Objet de la mise en concurrence.- La question s’est posée de savoir si le contrat du syndic était concerné ou non par cette disposition, ce qui supposait alors une mise en concurrence systématique en fin de mandat. Afin de couper court aux différents débats, la loi ALUR du 24 mars 2014 est venue préciser expressément que le montant voté par l’assemblée générale ne s’appliquait pas au contrat de syndic mais a, en parallèle, instauré une obligation de mise en concurrence spécifique pour ce dernier. Le dispositif a été remanié à plusieurs reprises depuis et une dispense de mise en concurrence du contrat de syndic peut être votée (lire IRC n° 664, déc. 2020 : Syndic : la mise en concurrence, un trompe-l’œil).

 

Application de la mise en concurrence.- Lorsque l’assemblée générale ne fixe pas les conditions de la mise en concurrence, celle-ci résulte alors de la demande de plusieurs devis ou de l’établissement d’un devis descriptif soumis à l’évaluation de plusieurs entreprises (D. 17 mars 1967, art. 19-2). 

Si le coût du contrat soumis à l’assemblée est déterminé en fonction de sa durée totale, c’est-à-dire en incluant ses renouvellements, il conviendra de prendre en considération le montant annuel afin d’apprécier si une mise en concurrence est obligatoire ou non (Cass. 3e civ., 14 juin 2018, n° 17-19.580).

Par ailleurs, la mise en concurrence ne concerne que les contrats et marchés qui vont engager la copropriété. Ainsi, la Cour de cassation a-t-elle estimé que la résolution limitée à une décision de principe, le choix de l’entreprise ayant alors été laissé au conseil syndical dans la limite d’un budget prédéfini, n’est pas concernée par l’exigence de mise en concurrence (Cass. 3e civ., 28 janv. 2015, n° 13-28.021). Cela s’entend dans la mesure où un vote de principe constitue davantage une note d’intention sur les travaux à réaliser à plus ou moins brève échéance, lesquels feront alors l’objet d’une résolution précise quant à leur nature et leur coût. 

La mise en concurrence suppose non seulement que les copropriétaires disposent de plusieurs contrats ou devis, mais également qu’il soit organisé un vote sur chacun d’eux. Dans une affaire où des travaux devaient être réalisés, seul le devis choisi par l’architecte avait été soumis au vote alors même que plusieurs avaient été annexés à la convocation de l’assemblée générale. La Cour de cassation a prononcé l’annulation de la résolution en question dans la mesure où une mise en concurrence ne consiste pas uniquement à présenter aux copropriétaires plusieurs devis et contrats, mais à voter sur chacun d’eux (Cass. 3e civ., 23 mars 2022, n° 21-12.658, cette revue, sommaire n° 01.-Vote des travaux.

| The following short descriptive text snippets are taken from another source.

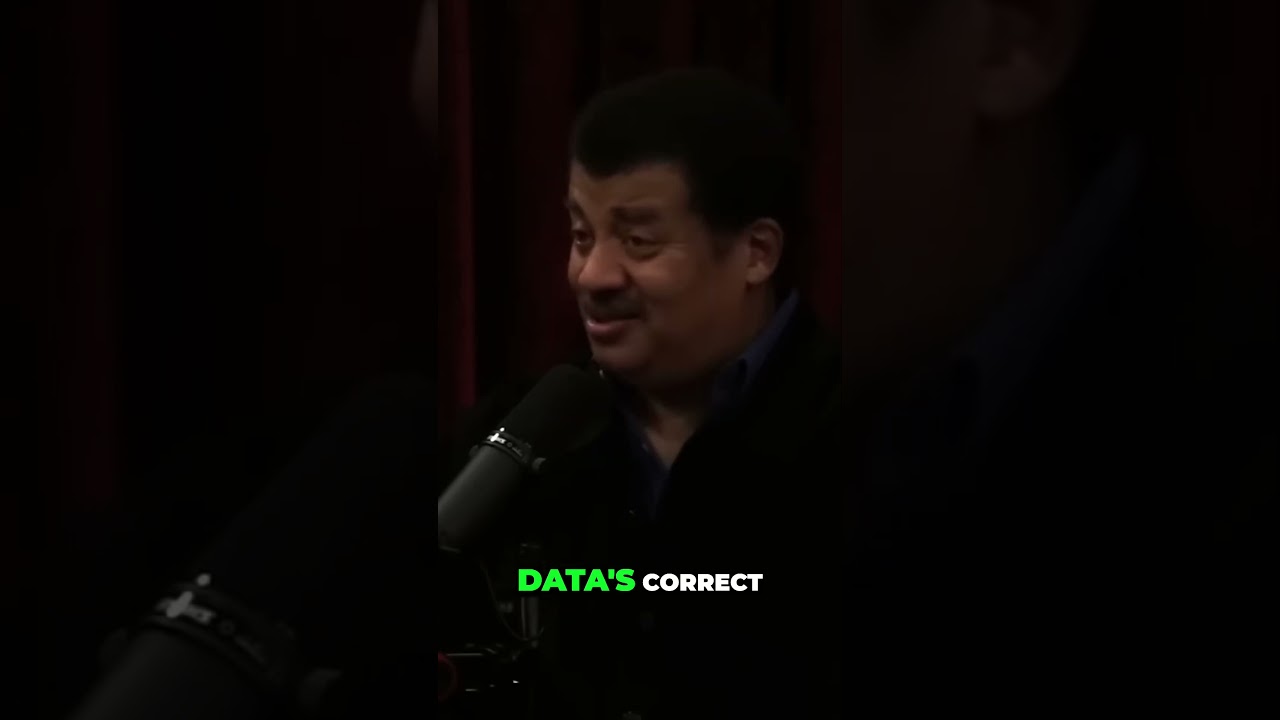 Einstein's Gravity Solving the Mercury Orbit Mystery!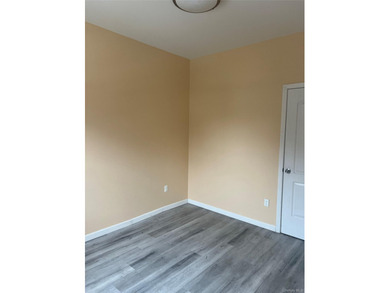 Live Rent-Free in This Beautiful TWO-Family Home! LAYOUT LIKE A - photo 8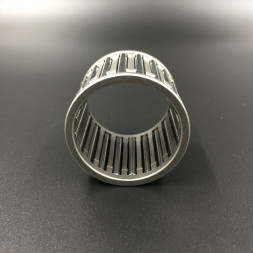 Подшипник поршневой Yamaha 225-250 (27х30х26.5) (Omax)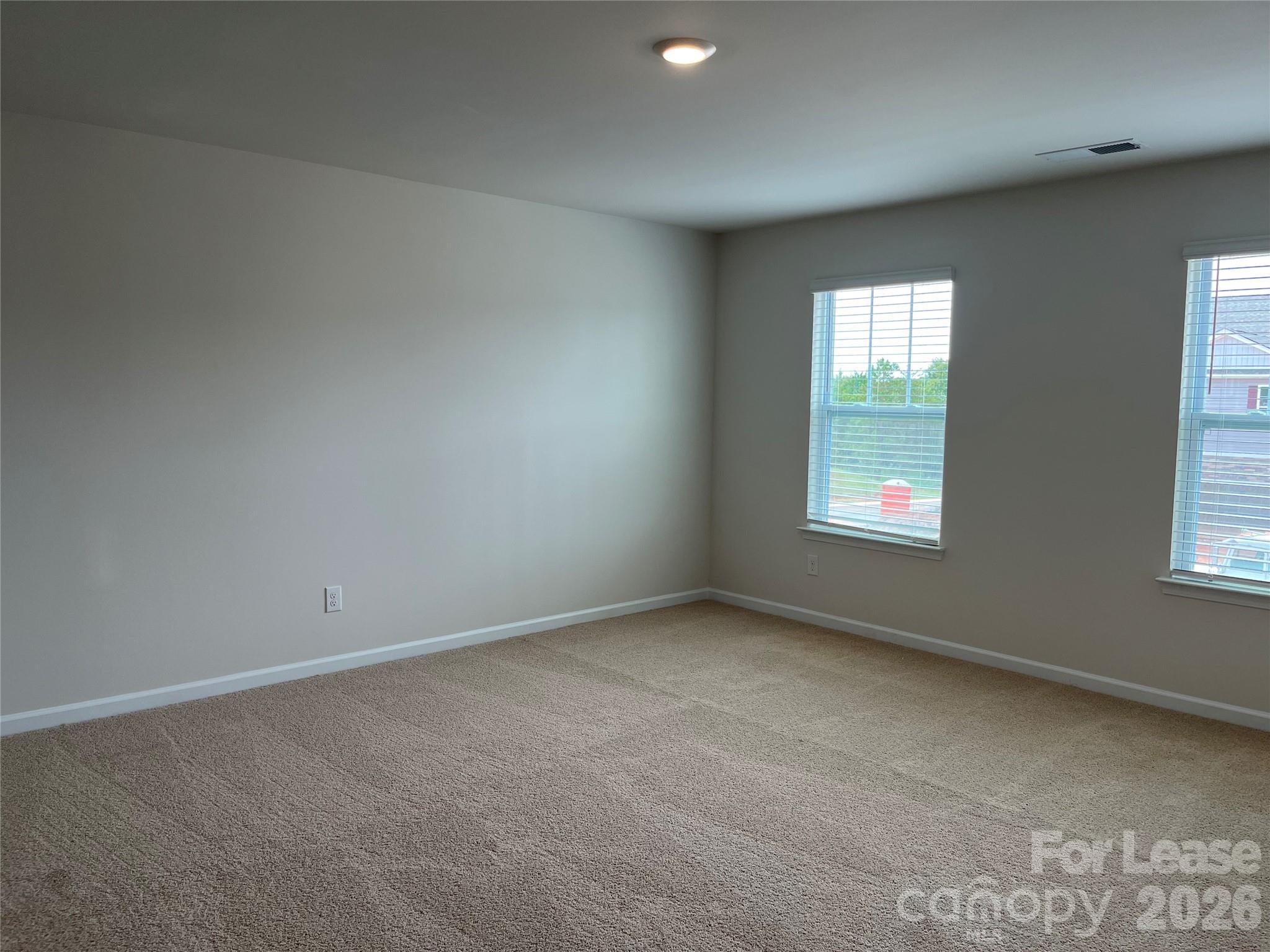 119 Old Home Road Statesville NC 28677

Travaux indivisibles. Résolution unique).

Enfin, l’organisation du vote de l’assemblée générale sur les contrats ou devis qui lui sont proposés a été source d’interrogations lorsqu’il existe une passerelle de majorité. Ainsi, lorsque l’assemblée est appelée à approuver un contrat, un devis ou un marché mettant en concurrence plusieurs candidats, elle ne peut procéder au second vote prévu aux articles 25-1 et 26-1 de la loi du 10 juillet 1965 qu’après avoir voté sur chacune des candidatures à la majorité applicable au premier vote (D. 17 mars 1967, art. 19). Il s’agit d’éviter que la première entreprise soumise au vote des copropriétaires ne soit finalement privilégiée.

 

Défaut de mise en concurrence.- La mise en concurrence n’est obligatoire qu’à partir du moment où elle a été imposée par l’assemblée générale. Faute pour elle de voter le montant au-delà duquel le syndic est tenu d’y procéder, elle ne s’applique pas (Cass. 3e civ., 26 mars 2014, n° 13-10.693). Mais dès lors qu’une mise en concurrence est prévue, le vote de l’assemblée générale sur un seul devis constitue une atteinte aux droits des copropriétaires et encourt la nullité (CA Paris, 15 nov. 2017, n° 15/22918).

En revanche, la question se pose lorsque le défaut de mise en concurrence ne résulte pas d’un manquement du syndic mais d’une absence de réponse des entreprises contactées. Dans une affaire, la Cour de cassation a estimé que l’obligation de mise en concurrence était respectée dès lors que le syndic justifiait avoir sollicité plusieurs entreprises et que les copropriétaires disposaient des éléments nécessaires pour prendre une décision en connaissance de cause (Cass. 3e civ., 27 nov. 2013, n° 12-26.395).